• **WHAT IS BEING ASKED**:
Leave out the images and output the records word for word.

[Short web captions]
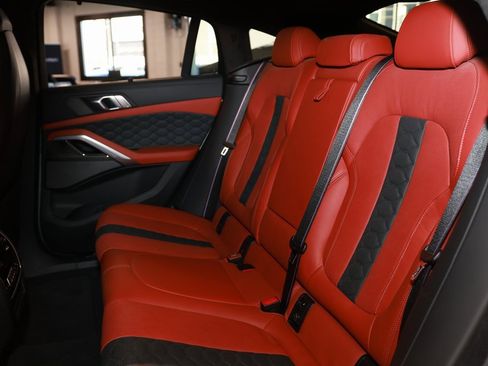 Used 2022 BMW X6 M w/ Competition Package image 13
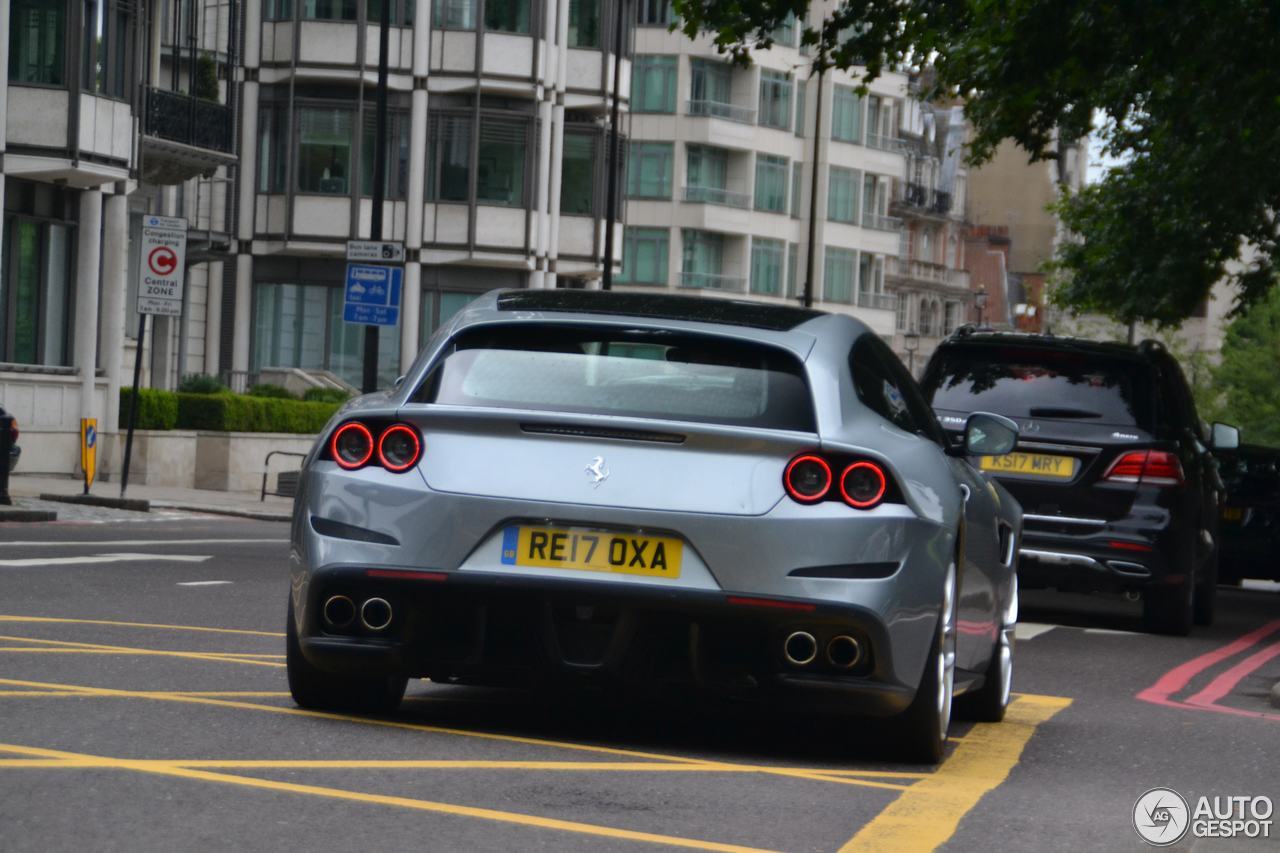 Ferrari GTC4Lusso T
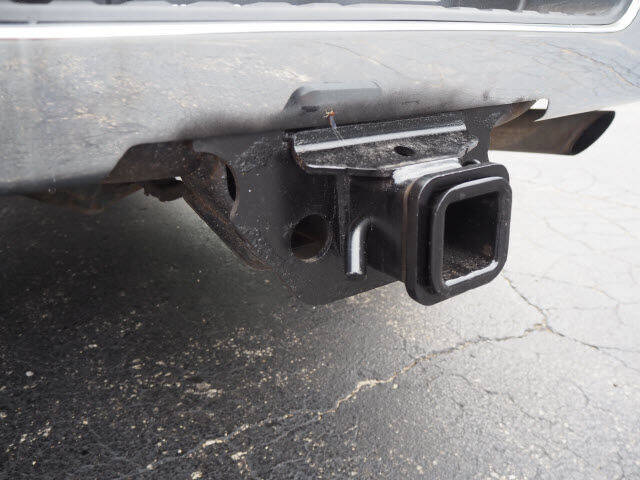 2016 Chevrolet Silverado 3500HD Work Truck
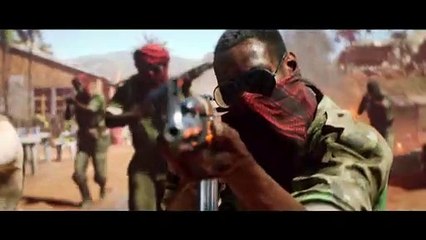 Jagged Alliance 3 - Bande-annonce officielle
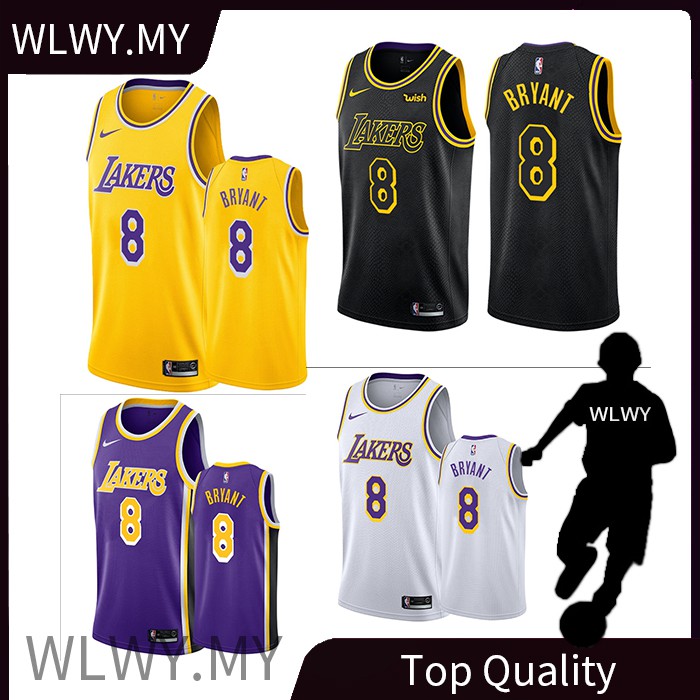 kobe bryant jersey adult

• **SOLUTION TO THE EXERCISE**:
 Used 2022 BMW X6 M w/ Competition Package image 13
 Ferrari GTC4Lusso T
 2016 Chevrolet Silverado 3500HD Work Truck
 Jagged Alliance 3 - Bande-annonce officielle
 kobe bryant jersey adult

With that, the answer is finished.